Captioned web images
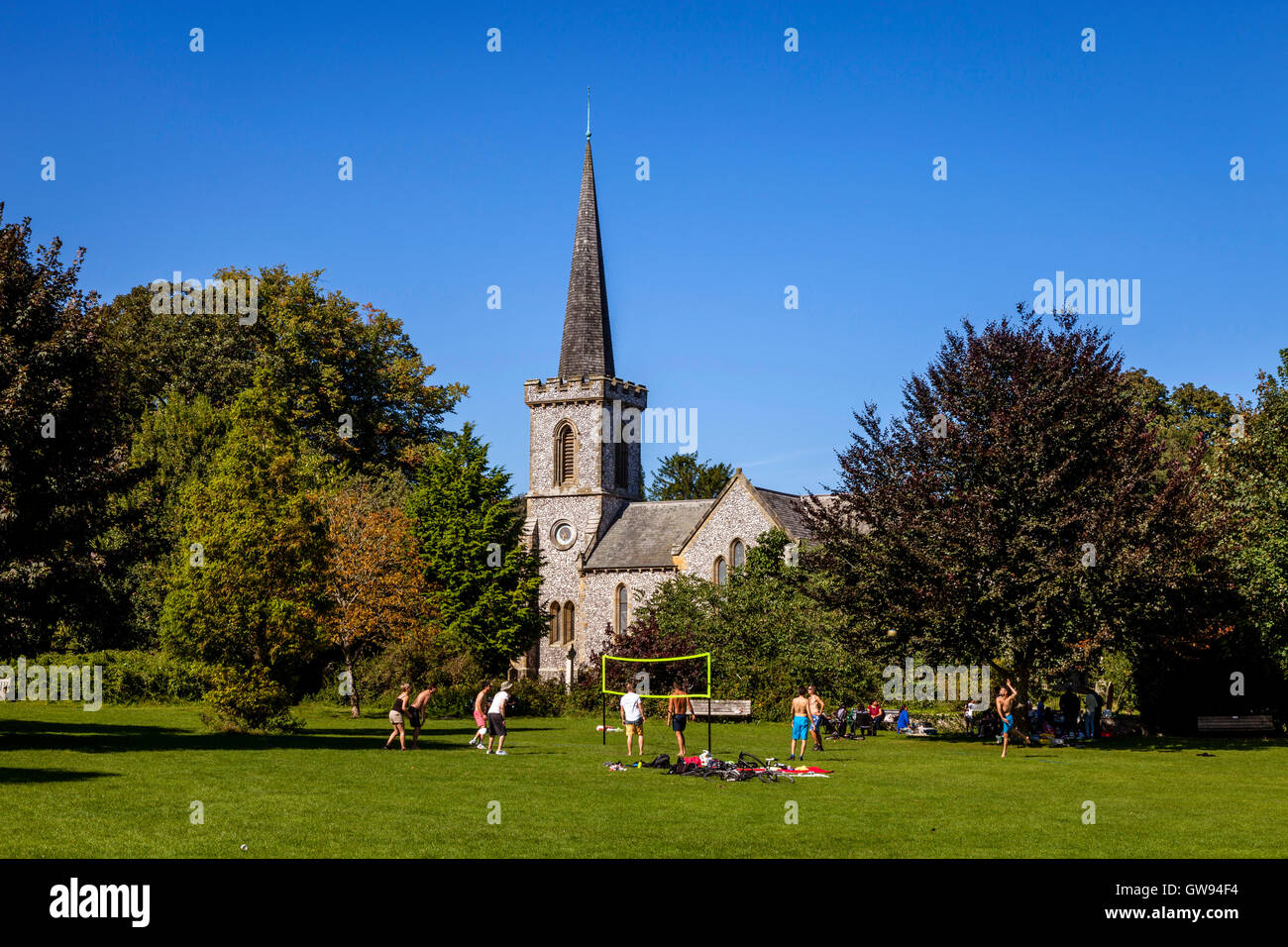 Les jeunes jouer au volley-ball à Stanmer Park, Brighton, Sussex, UK Banque D'Images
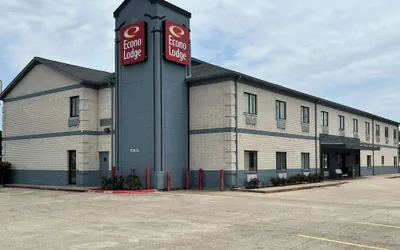 Photo 2 - Econo Lodge Beaumonti-10 S TX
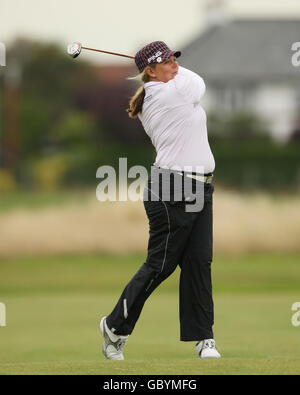 Die Engländerin Georgina Simpson spielt ihren zweiten Schuss vom 17. Fairway während der Women's British Open im Royal Lytham und auf dem St. Anne's Golf Course, Blackpool. Stockfoto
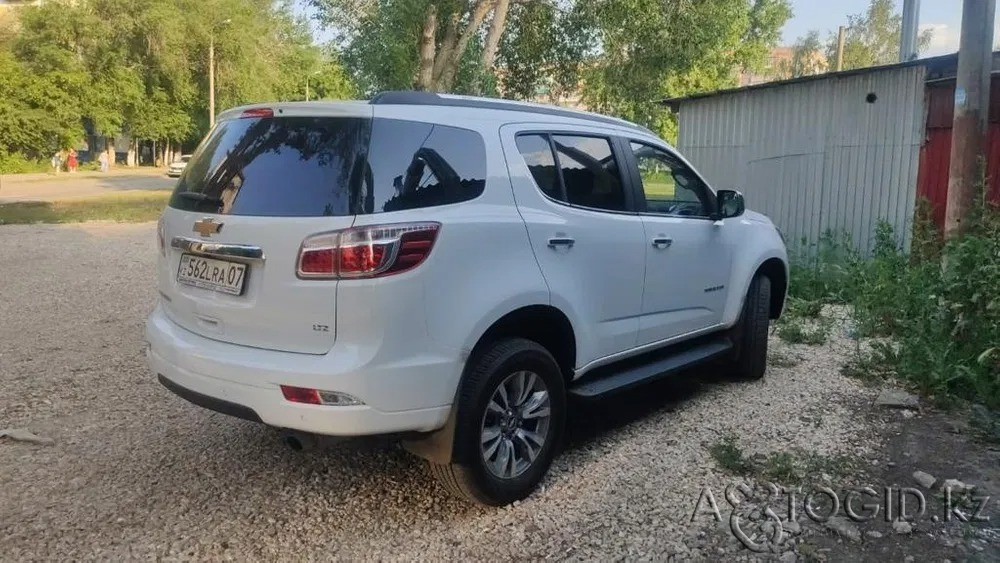 Chevrolet Trailblazer, 7 жаста, Оралда Уральск - 3 сурет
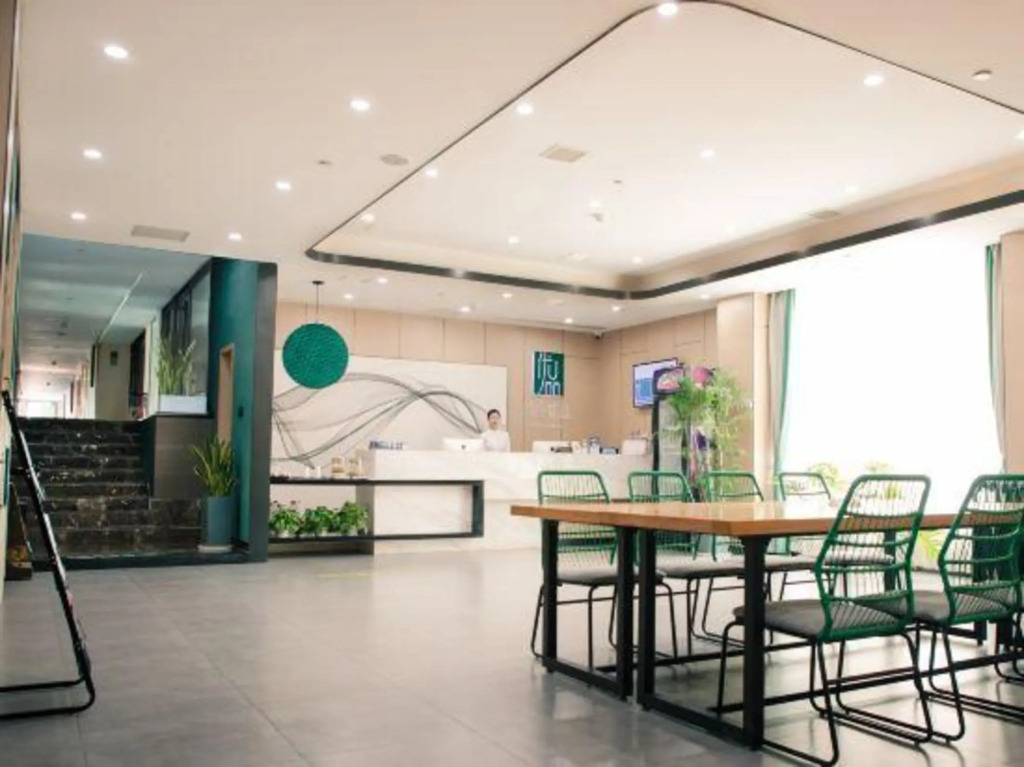 Upandin Hotel (Huaihua South of High-speed Railway Station)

• Activity:
With images omitted, retype the data word for word.

• Answer area:
 Les jeunes jouer au volley-ball à Stanmer Park, Brighton, Sussex, UK Banque D'Images
 Photo 2 - Econo Lodge Beaumonti-10 S TX
 Die Engländerin Georgina Simpson spielt ihren zweiten Schuss vom 17. Fairway während der Women's British Open im Royal Lytham und auf dem St. Anne's Golf Course, Blackpool. Stockfoto
 Chevrolet Trailblazer, 7 жаста, Оралда Уральск - 3 сурет
 Upandin Hotel (Huaihua South of High-speed Railway Station)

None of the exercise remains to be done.